*EXERCISE DESCRIPTION*
The entries are to be output word for word, with the pictures omitted.

*Short text fragments from websites*
§ §

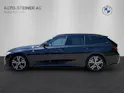 BMW 330d xDrive 48V Touring Steptronic M Sport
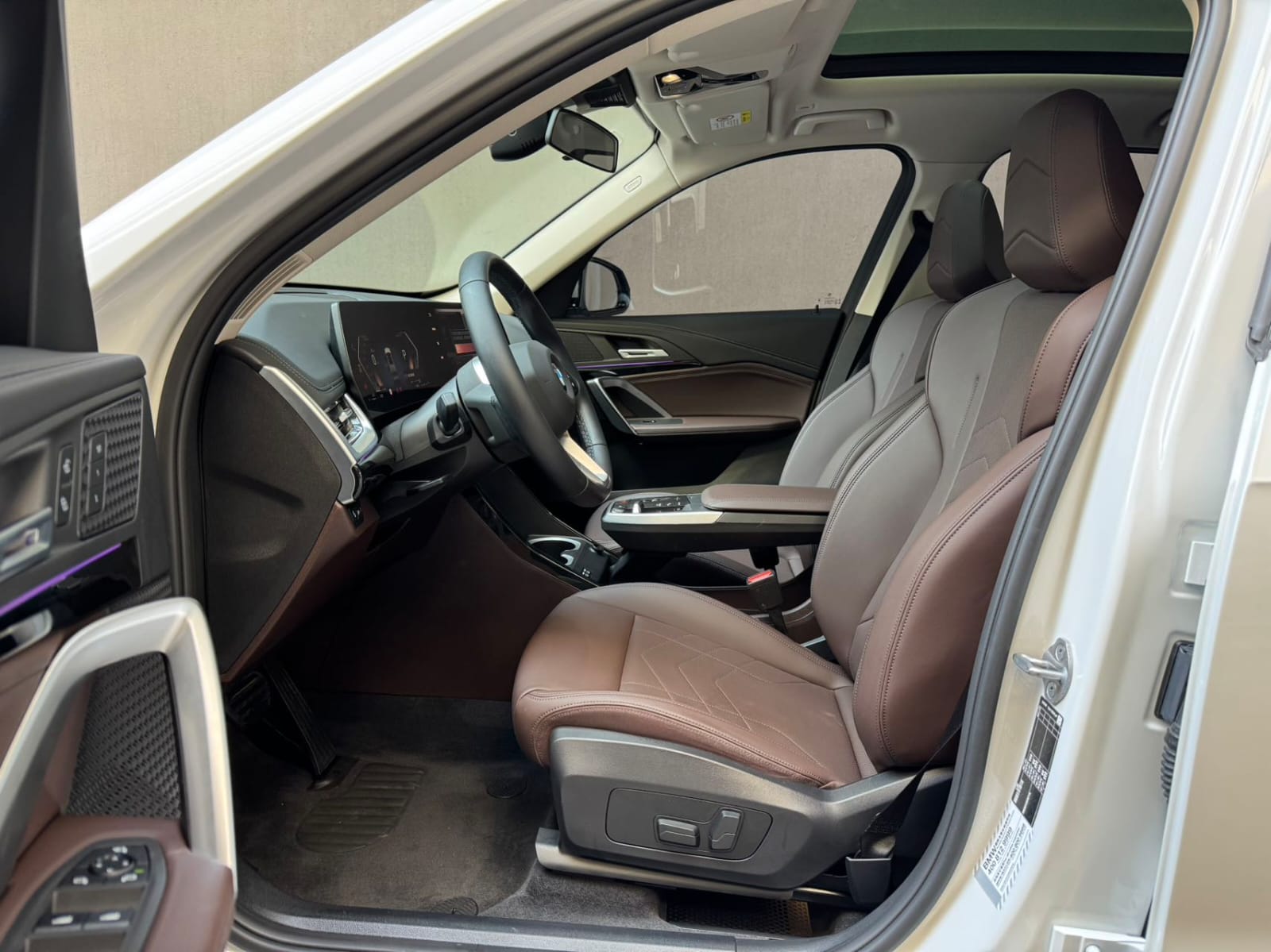 BMW X1 sDrive20Li X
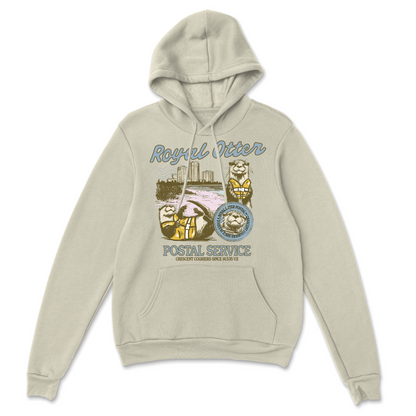 Otter Mail Hoodie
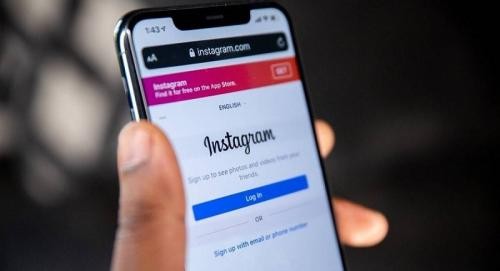 8 Cara Mendapatkan Uang dari Followers Instagram, Dapat Menjadi Peluang Bisnis Baru. (FOTO:MNC Media)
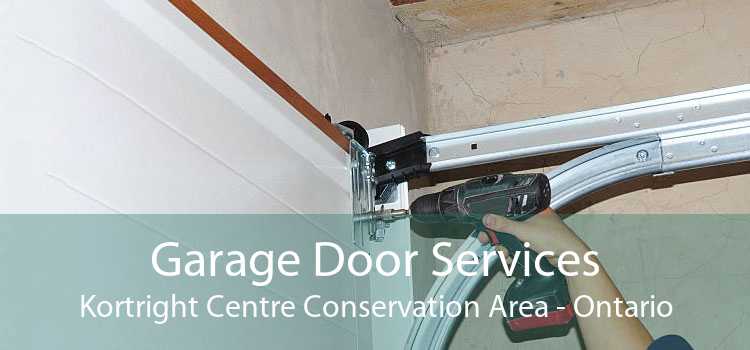 Garage Door Services Kortright Centre Conservation Area - Ontario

§ §

*SOLUTION FOR THIS TASK*
 BMW 330d xDrive 48V Touring Steptronic M Sport
 BMW X1 sDrive20Li X
 Otter Mail Hoodie
 8 Cara Mendapatkan Uang dari Followers Instagram, Dapat Menjadi Peluang Bisnis Baru. (FOTO:MNC Media)
 Garage Door Services Kortright Centre Conservation Area - Ontario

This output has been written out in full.